If you’re with a woman whose pussy doesn’t get wet enough for your preferences during sex, there are a few things you can do to add more lubrication to her cunt. First, try some cunnilingus. Licking and sucking on her pussy and clit not only add to the foreplay (getting her hornier and presumably wetter), but the saliva you use to give her oral sex with mix with her juices.
If that’s not enough, you can always but lube from the drug store. There are more and more of these products coming out every year, and they all do something different. Some heat up, and some taste good. Try them all and use whichever works best for you.
Some women get a too juicy when they’re horny. I dated a woman named Larissa whose pussy would get so slippery and wet that she would soak me, the bed, and the mattress when she got really excited. I’d have to show her a few of the more heinous scenes from ‘Schindler’s List’ before sex just to dry her up to a normal level of juiciness.
To be honest, the best way to get her juices flowing is to buy a Porsche.
1. When my girlfriend Jackie said that she loves her juice, I thought she was talking about her O.J. Simpson posters and memorabilia.
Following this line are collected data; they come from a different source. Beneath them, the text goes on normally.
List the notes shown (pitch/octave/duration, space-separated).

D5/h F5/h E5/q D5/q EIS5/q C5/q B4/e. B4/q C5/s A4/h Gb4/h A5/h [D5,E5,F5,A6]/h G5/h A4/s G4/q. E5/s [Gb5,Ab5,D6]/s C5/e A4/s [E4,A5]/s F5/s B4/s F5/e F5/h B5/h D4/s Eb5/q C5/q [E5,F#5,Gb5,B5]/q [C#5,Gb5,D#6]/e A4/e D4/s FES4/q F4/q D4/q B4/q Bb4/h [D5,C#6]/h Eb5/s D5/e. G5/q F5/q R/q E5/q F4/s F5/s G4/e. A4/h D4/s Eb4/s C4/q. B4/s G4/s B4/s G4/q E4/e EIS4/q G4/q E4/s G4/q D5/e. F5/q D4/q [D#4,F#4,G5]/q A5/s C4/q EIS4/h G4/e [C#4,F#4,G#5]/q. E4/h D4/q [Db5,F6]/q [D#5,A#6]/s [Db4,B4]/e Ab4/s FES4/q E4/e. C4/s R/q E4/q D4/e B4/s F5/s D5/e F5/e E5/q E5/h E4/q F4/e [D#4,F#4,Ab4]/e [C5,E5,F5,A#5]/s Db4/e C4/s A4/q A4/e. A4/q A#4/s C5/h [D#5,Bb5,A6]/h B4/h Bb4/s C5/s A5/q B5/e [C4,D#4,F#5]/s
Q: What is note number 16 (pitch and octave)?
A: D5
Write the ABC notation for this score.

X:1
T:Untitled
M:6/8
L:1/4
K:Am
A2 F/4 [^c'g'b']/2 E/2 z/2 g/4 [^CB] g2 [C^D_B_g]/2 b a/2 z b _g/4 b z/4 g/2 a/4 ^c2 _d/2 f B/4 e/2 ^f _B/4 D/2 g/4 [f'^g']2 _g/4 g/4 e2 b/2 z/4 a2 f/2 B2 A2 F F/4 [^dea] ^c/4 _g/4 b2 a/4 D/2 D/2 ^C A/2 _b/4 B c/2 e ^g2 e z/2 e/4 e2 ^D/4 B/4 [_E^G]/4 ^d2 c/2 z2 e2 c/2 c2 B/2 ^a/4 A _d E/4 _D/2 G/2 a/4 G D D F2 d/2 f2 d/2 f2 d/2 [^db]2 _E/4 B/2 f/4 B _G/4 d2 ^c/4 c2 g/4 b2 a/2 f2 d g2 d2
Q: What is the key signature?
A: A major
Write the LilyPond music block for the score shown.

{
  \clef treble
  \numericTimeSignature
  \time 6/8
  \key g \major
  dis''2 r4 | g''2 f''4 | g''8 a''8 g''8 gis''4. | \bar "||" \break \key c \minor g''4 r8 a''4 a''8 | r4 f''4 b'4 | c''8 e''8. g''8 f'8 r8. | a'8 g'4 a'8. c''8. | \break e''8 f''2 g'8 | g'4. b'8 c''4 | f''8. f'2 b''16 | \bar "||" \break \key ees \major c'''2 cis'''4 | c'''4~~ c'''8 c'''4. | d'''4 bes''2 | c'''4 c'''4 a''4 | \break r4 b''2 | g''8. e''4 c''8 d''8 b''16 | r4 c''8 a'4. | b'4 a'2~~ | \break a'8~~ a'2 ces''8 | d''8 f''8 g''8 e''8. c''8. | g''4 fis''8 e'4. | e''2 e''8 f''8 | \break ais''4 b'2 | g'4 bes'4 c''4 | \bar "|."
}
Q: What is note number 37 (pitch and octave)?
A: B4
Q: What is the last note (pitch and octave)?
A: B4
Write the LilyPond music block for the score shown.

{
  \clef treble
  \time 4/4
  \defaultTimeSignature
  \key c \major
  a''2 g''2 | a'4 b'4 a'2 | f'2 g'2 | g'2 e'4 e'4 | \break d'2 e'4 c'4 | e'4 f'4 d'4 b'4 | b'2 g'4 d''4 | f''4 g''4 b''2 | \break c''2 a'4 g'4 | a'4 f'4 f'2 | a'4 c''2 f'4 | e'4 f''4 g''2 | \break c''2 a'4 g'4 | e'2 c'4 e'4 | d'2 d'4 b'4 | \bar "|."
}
I told her he was a fine athlete, but that his alleged murdering made me less of a fan. She put her finger into her pussy and said, “No, this juice.” I smelled what she meant, and understood. Finger licking good!
2. Rick said the only problem with dating older women is that sometimes their pussies don’t get as wet with juice as a younger woman. I told him to buy some personal lubricant from the drugstore to help him out. He said he didn’t want to spend the money, and that he’d just spit in there until it was smooth sailing.